At what points do $\hat{ H}_{\rm high}$ and $\hat{H}_{\rm low}$ start to deviate from the ideal cases? Are there relatively simple models for these situations? (i.e., when does $\omega_0 << \omega_c$ become $\omega_0< \omega_c$?) Or when do the phases come into play?

Well, the question ``when do you deviate from the ideal case?'' is one that doesn't have a single answer; the answer is really ``it depends on how good you need the answer to be''. The exact filter response is usually possible to calculate, and you often can figure out the difference between the simple approximation and the more complete calculation.
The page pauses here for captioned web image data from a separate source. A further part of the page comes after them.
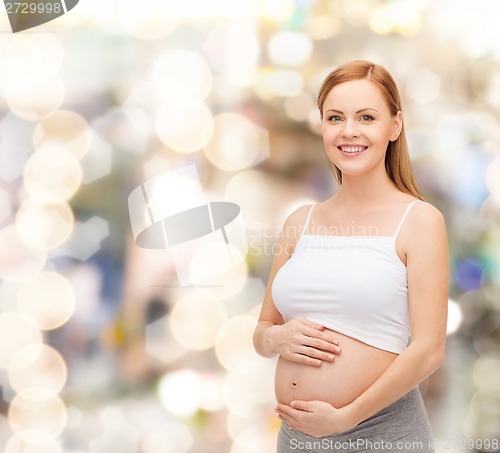 Image of happy future mother touching her belly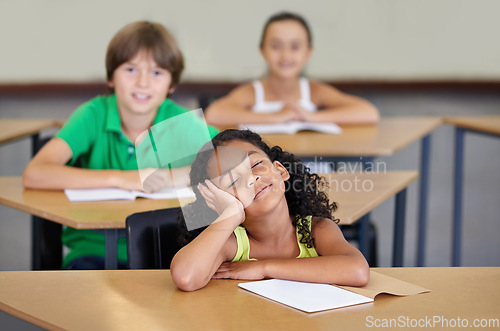 Image of Sleepy, children and bored of learning, education or books from adhd, burnout or frustrated with mindset in school. Exhausted, girl or thinking of studying, group or problem with fatigue in classroom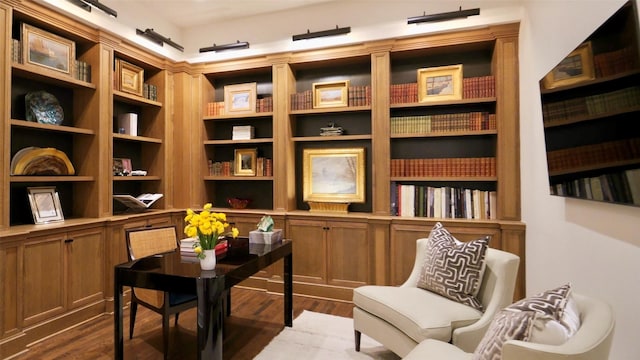 sitting room with dark wood-style flooring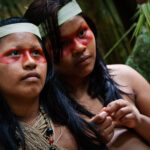 Indigenous Waorani girls in the Amazon Rainforest.
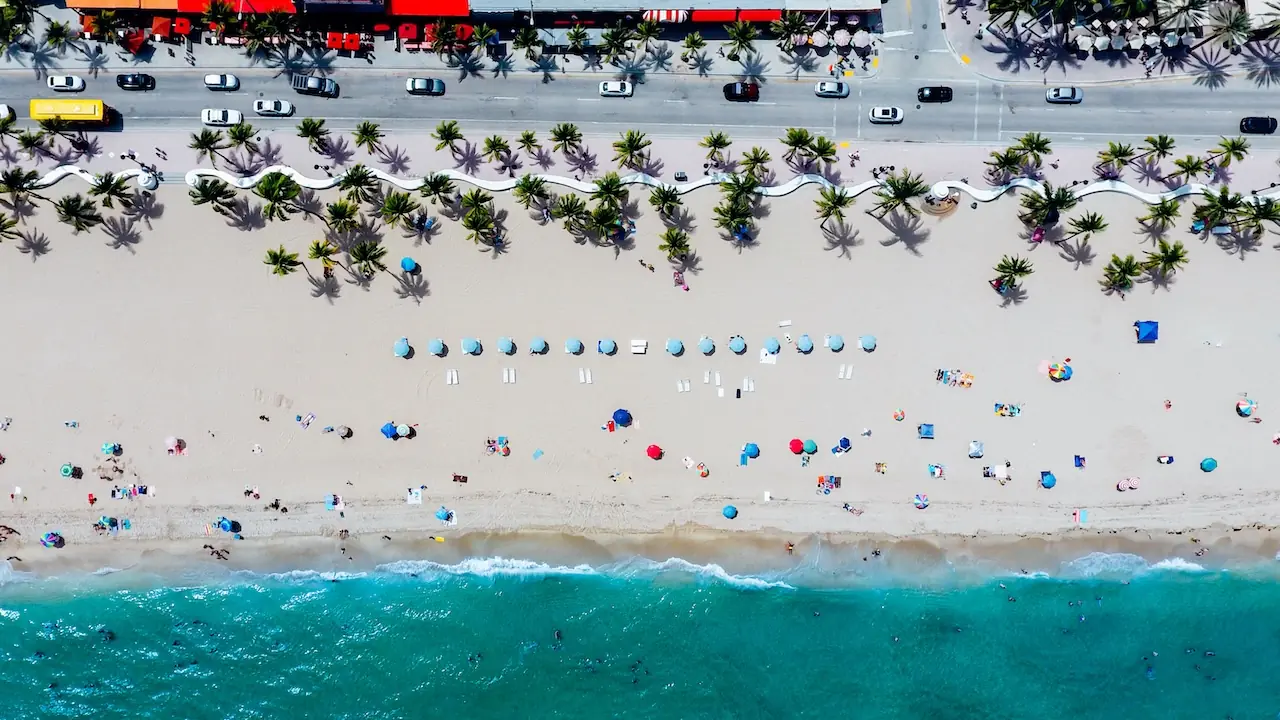 Aerial view of a sandy beach with umbrellas and people along the shoreline
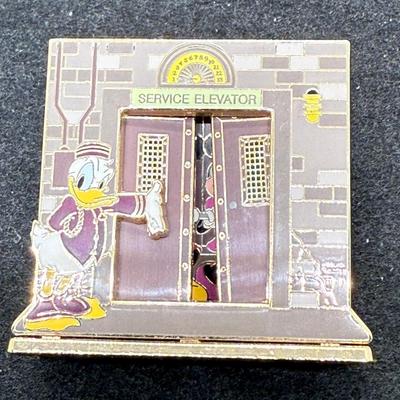 Sale Photo Thumbnail #14: Pin in very good condition. This Disney trading pin features Donald Duck, Mickey Mouse, and Minnie Mouse in a scene inspired by The Twilight Zone Tower of Terror attraction. 
The pin is a diorama-style pin, with Donald dressed as a bellhop leading Mickey 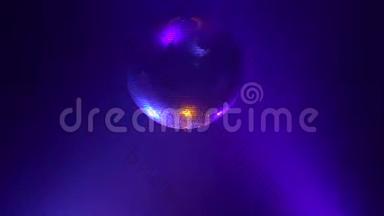 3D迪斯科镜球在烟雾中反射五颜六色的灯光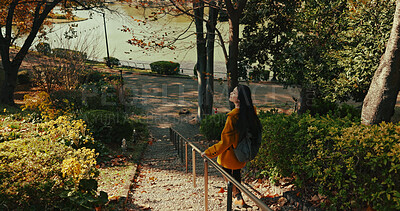 Buy stock photo Japanese, park and woman from back walking and travel on vacation, adventure and explore path with trees. Gen z, student and happy journey on holiday in nature, forest and trail in Kyoto woods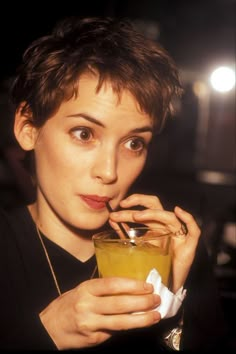 a woman holding a drink in her hand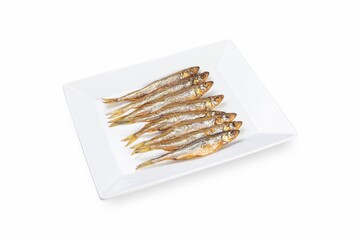 Smoked fish on a white plate from a fish shop
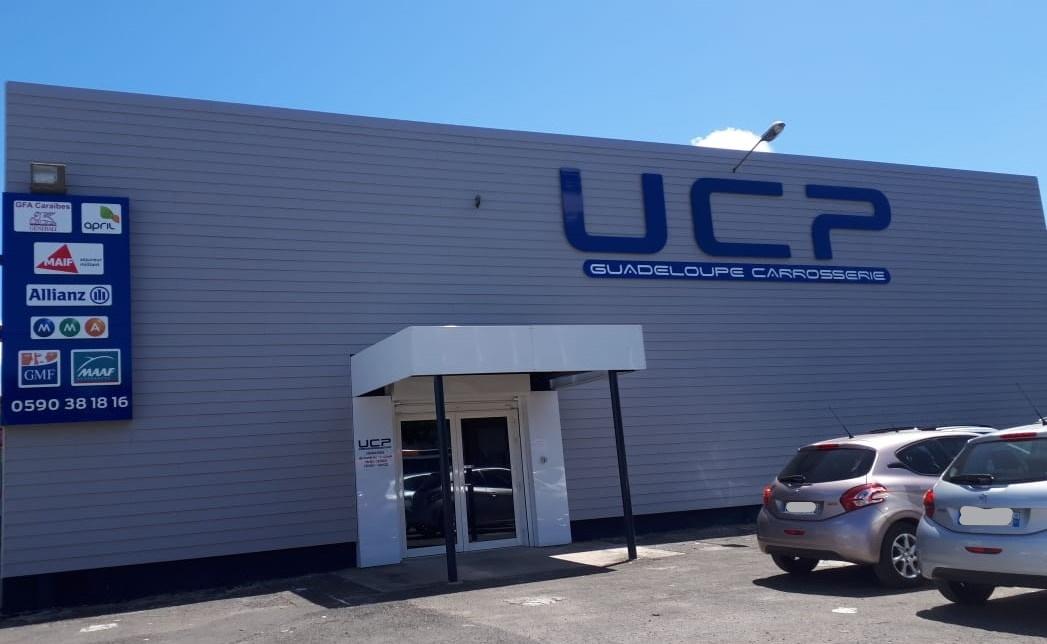 La devanture bleue de UCP Guadeloupe Carrosserie.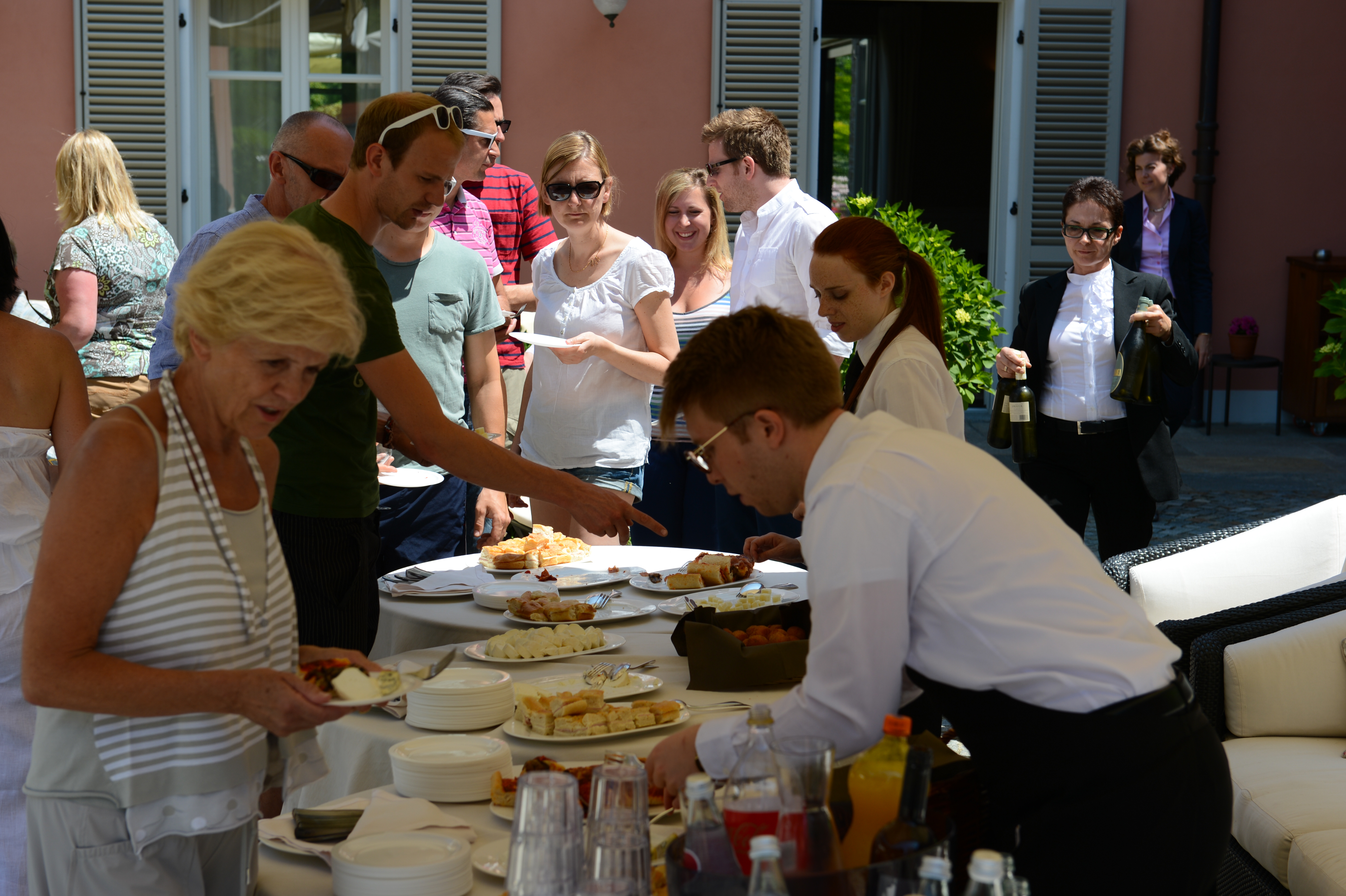 Guests gather around a buffet table at an outdoor wedding reception, selecting food while servers assist.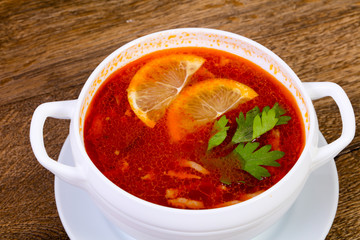 Solyanka soup with lemon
For example, if you eyeball the plots in the handouts, you can see the actual filter response with a smoothly curved transition between the $\omega<< \omega_c$ and $\omega >> \omega_c$ regimes. For some applications, treating the frequency response with straight lines might be perfectly good enough, even in the corner region. However, if you need to know with precision what your output waveforms will look like at frequencies near $\omega_c$, then you might want to do an analysis using the actual filter response with the curved line and the full $\hat{H}(j\omega)$ transfer function. (Of course, even the ``actual filter response'' with the curved line is itself an idealization, since it assumes resistors and capacitors are ideal circuit elements- but in real life all abstractions are leaky!)

Whether the phase shift matters or not depends on your application also. Relative phase shifts matter when combining signals.